Pour Yacouba Konaté, la modernité est surtout visible dans l’art photographique. La photographie suppose, en effet, une maîtrise technique, ce qui implique déjà l’idée de modernité. Il note que lorsqu’on regarde les photographies des années 50, les auteurs maîtrisent toute la chaîne technique. Mais il fait également remarquer que les sujets photographiés révèlent également une forme de modernité dans les postures, choix etc. (ce que Y. Konaté appelle le jeu de l’illusion »). Il rapporte, d’autre part, qu’une étude faite sur des clichés refusés par les clients révèle l’importance de « l’entièreté du corps » pour les Africains : une main coupée, une partie de la tête qui manque, mais aussi la photo de l’unique buste est un motif de refus ! L’intervenant en conclue que la modernité côtoie, ici, l’imaginaire traditionnel (superstition…).

Jean Loup Pivin rappelle que la 1ère photographie faite en Afrique date du milieu du 19ème siècle.

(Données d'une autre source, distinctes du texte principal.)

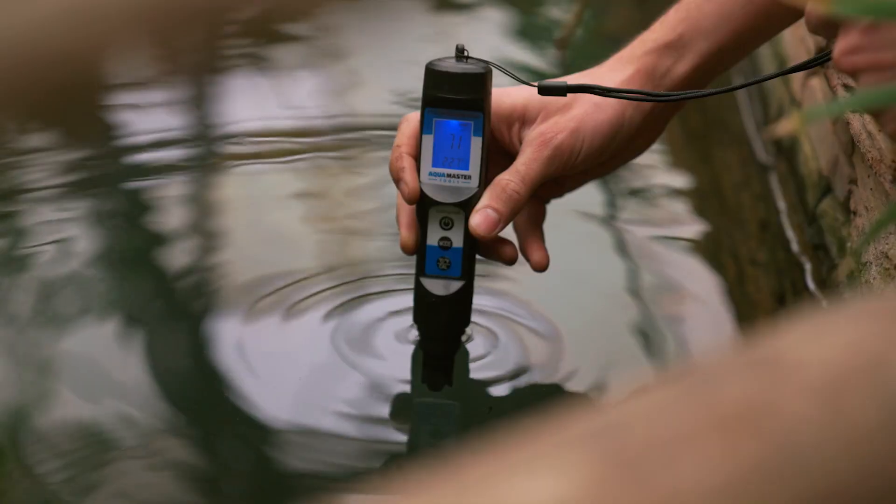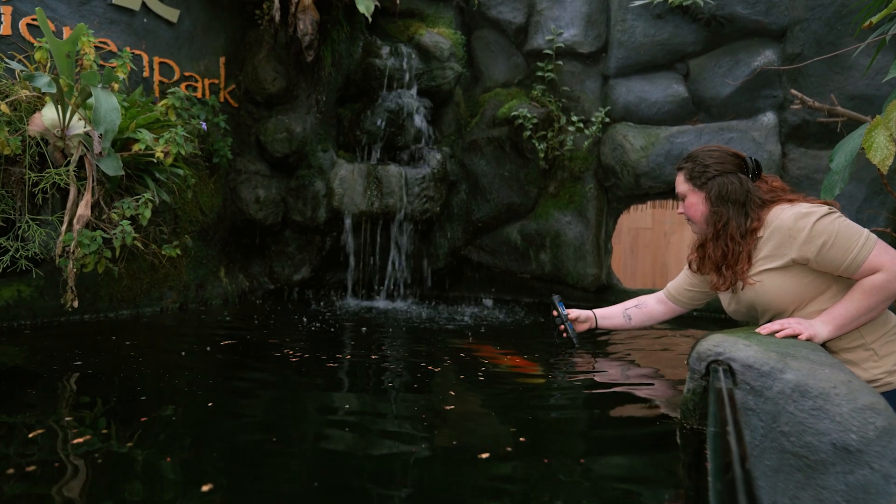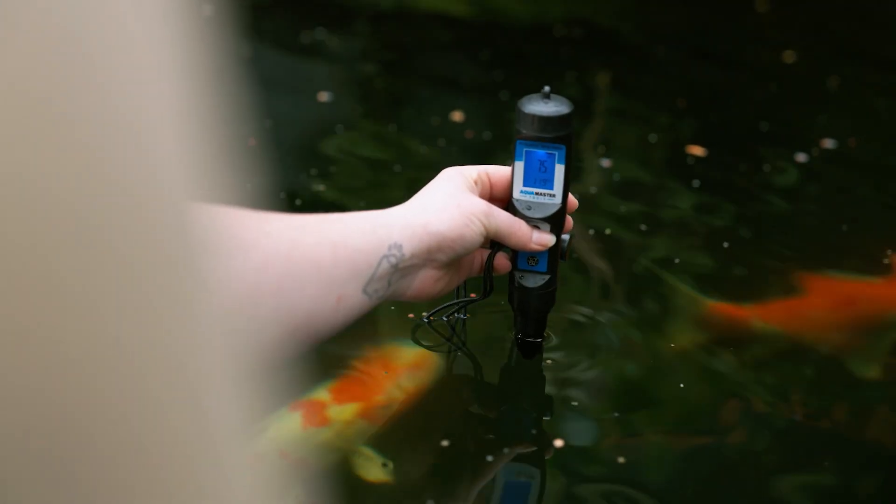It all started six years ago with a digital 3-in-1 meter, and what you have in your hands now is the result. There was a lot of development on our products over the years in terms of the housing, the quality of the probe, the circuit boards, and all the data behind it.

Le 1er  photographe africain est connu vers 1890, c'est-à-dire de façon très contemporaine de la naissance de la photographie. Ceci suffit pour attester de la modernité de l’art africain. Il ajoute, pourtant que la modernité est liée à l’urbanisation, et à la culture urbaine, très influencée par l’occident. Il établit une opposition entre « art exporté » (modernité – le fait d’une minorité) et « art traditionnel » (textiles, teintures… - des milliers d’artistes en Afrique occidentale, surtout).

Omar Carlier définit, lui, une « modernité de la tradition », comme cette modernité qui réinvente (ou invente) la tradition. Il cite la fameuse robe kabyle qui date en fait du début du 19ème siècle et qui est une copie de la robe de mariée européenne… Il veut également préciser le rôle de l’Etat dans la « modernisation » par ses commandes et cite plusieurs exemples au Maghreb.

Yacouba Konaté retient la définition d’Heidegger à propos de la modernité : « un sujet se place face à l’image du monde et l’interroge ». Il note que ce paradigme est intéressant pour l’Afrique où l’art est avant considéré comme une production collective… Le 1er problème est de retrouver le nom des auteurs (qui ne sont pas Picasso). Et à ce sujet, il remarque que la sculpture africaine est entrée en modernité par la peinture européenne. Du coup, l’Afrique a tourné le dos à la sculpture pour privilégier le chevalet. De là, est né une partie du malentendu. En 1989, lors de l’exposition parisienne des « magiciens de la terre », les curateurs sont occidentaux et vont chercher en Afrique des artistes répondant à une grille  de définition spécifique de l’art africain (comprenant les clichés, malentendus et préjugés liés à cette histoire de l’art africain). Mais parallèlement, pour faire émerger d’autres artistes africains et une autre grille, il faut également une capacité matérielle (réseaux de musée, prospection, biennales, budgets etc.) dont ne dispose pas l’Afrique. On peut se contenter de l’internationalisation actuelle de l’art africain à travers quelques artistes, mais la contrepartie reste une uniformisation du goût et des modèles. Y. Konaté ne pense pas qu’il puisse y avoir d’alternative possible.